[Dataset records — start]

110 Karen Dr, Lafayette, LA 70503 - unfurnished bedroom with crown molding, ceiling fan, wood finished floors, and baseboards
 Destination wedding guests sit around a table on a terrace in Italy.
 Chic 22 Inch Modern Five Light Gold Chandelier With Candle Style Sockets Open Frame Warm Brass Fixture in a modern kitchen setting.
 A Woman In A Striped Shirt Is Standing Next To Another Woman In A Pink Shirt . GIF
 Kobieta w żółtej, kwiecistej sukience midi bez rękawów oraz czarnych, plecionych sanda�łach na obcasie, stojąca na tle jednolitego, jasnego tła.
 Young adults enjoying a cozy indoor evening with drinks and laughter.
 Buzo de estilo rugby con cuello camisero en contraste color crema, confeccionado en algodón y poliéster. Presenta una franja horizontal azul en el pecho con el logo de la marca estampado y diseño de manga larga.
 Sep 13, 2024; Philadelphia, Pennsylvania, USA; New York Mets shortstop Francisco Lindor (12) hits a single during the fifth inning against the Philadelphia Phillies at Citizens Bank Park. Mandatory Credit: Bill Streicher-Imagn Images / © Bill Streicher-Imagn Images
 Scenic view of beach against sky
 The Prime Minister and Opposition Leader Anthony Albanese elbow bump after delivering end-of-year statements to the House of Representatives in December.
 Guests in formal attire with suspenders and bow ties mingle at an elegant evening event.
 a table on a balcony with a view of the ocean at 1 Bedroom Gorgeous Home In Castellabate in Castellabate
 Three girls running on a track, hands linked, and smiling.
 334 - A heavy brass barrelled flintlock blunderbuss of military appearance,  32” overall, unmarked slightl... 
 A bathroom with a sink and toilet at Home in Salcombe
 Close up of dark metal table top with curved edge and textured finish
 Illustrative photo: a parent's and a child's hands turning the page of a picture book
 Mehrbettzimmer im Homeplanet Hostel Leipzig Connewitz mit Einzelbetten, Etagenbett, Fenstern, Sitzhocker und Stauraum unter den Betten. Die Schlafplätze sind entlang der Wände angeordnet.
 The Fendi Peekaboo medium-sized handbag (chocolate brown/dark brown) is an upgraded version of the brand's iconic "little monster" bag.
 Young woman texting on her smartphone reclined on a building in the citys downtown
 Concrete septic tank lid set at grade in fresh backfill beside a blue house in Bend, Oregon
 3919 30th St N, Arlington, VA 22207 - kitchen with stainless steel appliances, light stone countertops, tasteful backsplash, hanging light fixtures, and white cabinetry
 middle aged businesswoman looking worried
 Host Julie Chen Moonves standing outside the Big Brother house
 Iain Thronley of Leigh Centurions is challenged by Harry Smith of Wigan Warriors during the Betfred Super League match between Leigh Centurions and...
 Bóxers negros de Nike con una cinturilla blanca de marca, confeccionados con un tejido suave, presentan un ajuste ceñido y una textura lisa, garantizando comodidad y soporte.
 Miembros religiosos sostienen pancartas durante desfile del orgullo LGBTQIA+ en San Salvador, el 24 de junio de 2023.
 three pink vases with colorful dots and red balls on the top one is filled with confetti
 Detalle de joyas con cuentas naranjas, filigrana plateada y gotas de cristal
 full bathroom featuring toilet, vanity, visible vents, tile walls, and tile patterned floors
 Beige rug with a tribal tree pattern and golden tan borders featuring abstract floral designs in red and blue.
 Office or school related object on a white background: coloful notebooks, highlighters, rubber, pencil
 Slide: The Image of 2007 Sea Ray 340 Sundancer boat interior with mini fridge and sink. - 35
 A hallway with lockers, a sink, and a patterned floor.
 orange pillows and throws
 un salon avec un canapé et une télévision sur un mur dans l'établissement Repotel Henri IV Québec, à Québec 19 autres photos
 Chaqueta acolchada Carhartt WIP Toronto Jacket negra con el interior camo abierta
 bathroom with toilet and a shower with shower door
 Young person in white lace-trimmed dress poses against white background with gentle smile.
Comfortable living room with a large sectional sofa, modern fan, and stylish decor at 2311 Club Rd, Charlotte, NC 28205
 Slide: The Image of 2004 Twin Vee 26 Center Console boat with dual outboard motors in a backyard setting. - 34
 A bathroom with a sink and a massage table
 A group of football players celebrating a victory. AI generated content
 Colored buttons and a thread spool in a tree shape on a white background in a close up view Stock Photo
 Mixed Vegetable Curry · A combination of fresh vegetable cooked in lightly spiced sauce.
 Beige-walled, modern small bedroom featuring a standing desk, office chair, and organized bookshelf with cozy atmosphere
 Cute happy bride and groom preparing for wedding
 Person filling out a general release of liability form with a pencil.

[Dataset records — finish]

## Work to complete
The stopping point is the line containing "Young adults enjoying". Reproduce exactly every line of the material from the first through that one.

## Expected answer
110 Karen Dr, Lafayette, LA 70503 - unfurnished bedroom with crown molding, ceiling fan, wood finished floors, and baseboards
 Destination wedding guests sit around a table on a terrace in Italy.
 Chic 22 Inch Modern Five Light Gold Chandelier With Candle Style Sockets Open Frame Warm Brass Fixture in a modern kitchen setting.
 A Woman In A Striped Shirt Is Standing Next To Another Woman In A Pink Shirt . GIF
 Kobieta w żółtej, kwiecistej sukience midi bez rękawów oraz czarnych, plecionych sanda�łach na obcasie, stojąca na tle jednolitego, jasnego tła.
 Young adults enjoying a cozy indoor evening with drinks and laughter.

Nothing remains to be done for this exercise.